When 6-year-old Dylan Siegel found out his best friend, Jonah Pournazarian, had a rare liver disease, he went to his parents and told them he wanted to raise money for Jonah.
Jonah, Dylan’s best friend, has a rare form of glycogen storage disease, which is a hereditary disorder that means his liver can store sugar but can’t release it. This causes him to have dangerously low blood sugar levels and can result in seizures or even death. Jonah has an especially rare form of the disease — type 1b — which means on top of the glycogen storage issues he also has a compromised immune system. This means that catching a simple stomach bug from a classmate could mean hospitalization or even death for the young boy.
Dylan’s father, David Siegel, told ABC News that they thought it was “sweet” that their son wanted to help raise money for research and treatments for Jonah’s illness and they offered to help him have a bake sale or lemonade stand. But Dylan had a different idea. His dad said, “He’s like ‘Don’t patronize me. I want to do something big.'”

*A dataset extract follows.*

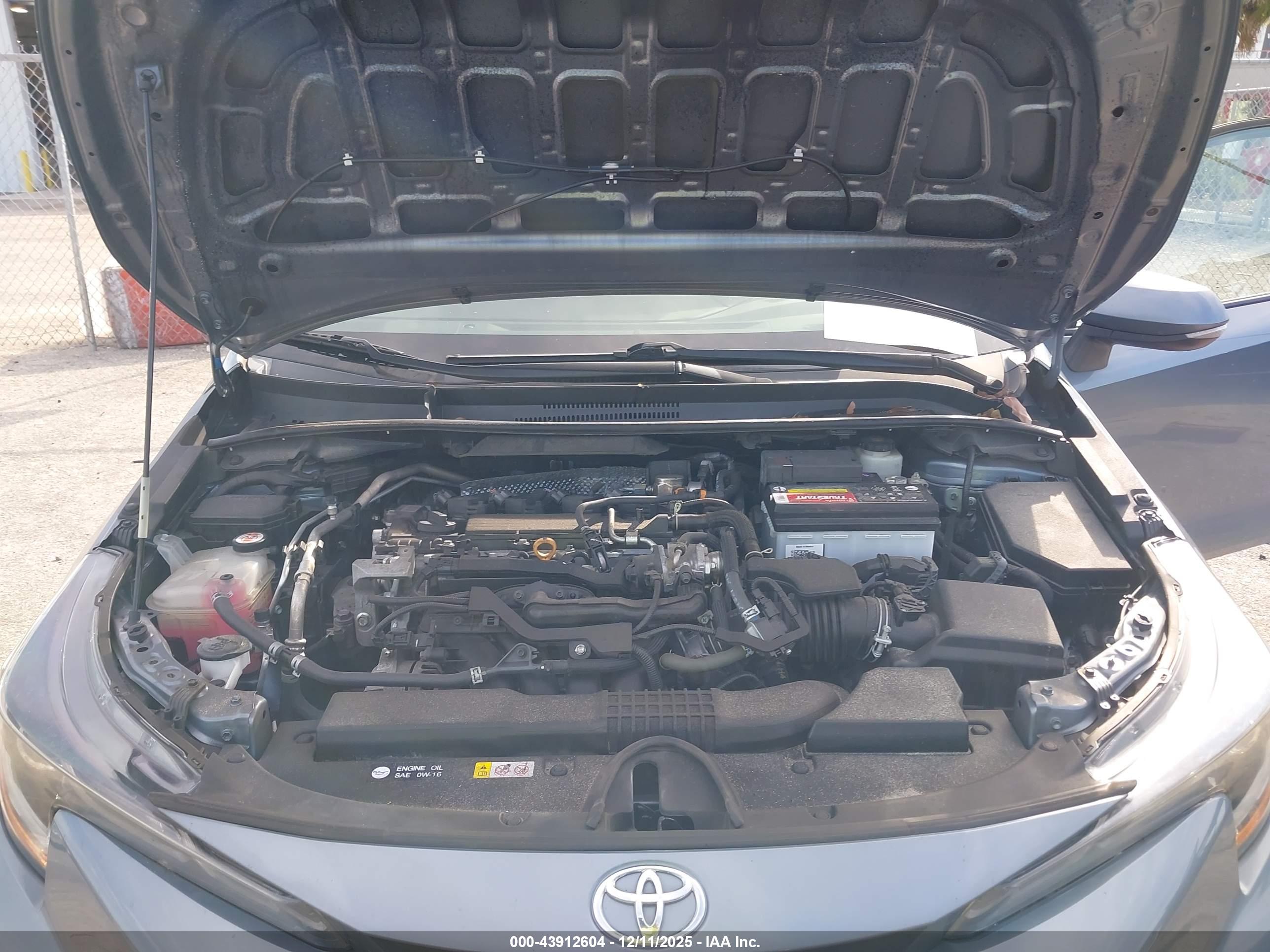 TOYOTA COROLLA image 10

24 hours after his announcement Dylan brought his parents the pages to a book he had written called “Chocolate Bar.” He told them that, to him, “chocolate bar” means “awesome.” The book starts out with, “Disneyland is so chocolate bar,” and ends with, “I like to help my friends. That is the biggest chocolate bar.” His parents had 200 copies of Dylan’s book printed and sold them at a school event. Within a short time they had sold all 200 copies and raised over $6,000. Now, a year after Dylan first wrote “Chocolate Bar,” he has raised over $400,000.
Dylan’s goal is to raise $1 million, and with the expansion of “Chocolate Bar” into T-shirts, tote bags and even cellphone cases he’s sure he can reach that goal.

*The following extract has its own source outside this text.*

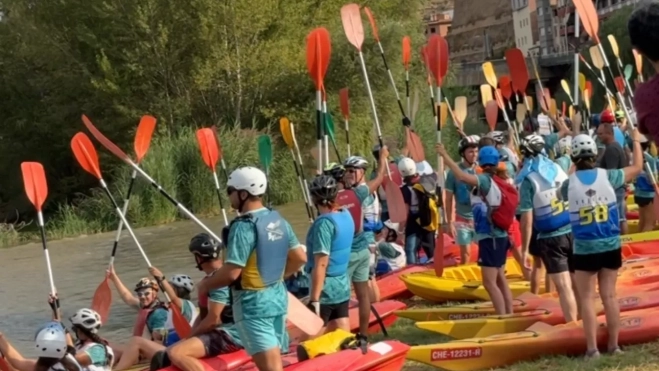 Palistas en las orillas del Cinca Palistas en las orillas del Cinca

Dr. David Weinstein, who studies the rare disease at the University of Florida, told ABC News that when he first heard about Dylan and his plans he “mostly just thought the boy was cute.” But after seeing what Dylan has accomplished Weinstein said, “Boy, have I been shocked. He’s raised more money for this disease than all the medical foundations and all the grants combined. Ever. This is a disease that affects one in a million people. In the United States … it’s probably close to 50 people with type 1b.”According to Weinstein the money Dylan has raised is truly “making a huge difference.” He explained that:
The money is already helping his lab by allowing him to hire additional staff and paying for studies. He’s currently studying a gene therapy treatment that has shown promise in curing dogs with glycogen storage disease, and trying to find solutions to other problems that develop as a result of the disease and its treatment.
Even though people come from 38 countries to visit Weinstein’s lab, it came within one day of closing for lack of funds. Thanks to Dylan and Jonah, Weinstein said he could stop worrying about funding and work on finding a cure.
Dylan and Jonah have also been honored by the Global Genes Project, a rare disease advocacy group, with their RARE Champion Award. According to Dylan’s father the award usually goes to an adult, but Dylan’s efforts are impossible to ignore. His father couldn’t be more proud. He said, “Kids can change the world just like any of us … When you’re 6, you’ve got grand visions … all these things just seem attainable. It’s been a blast … It validates a 6-year-old’s vision of what he thought change could be.”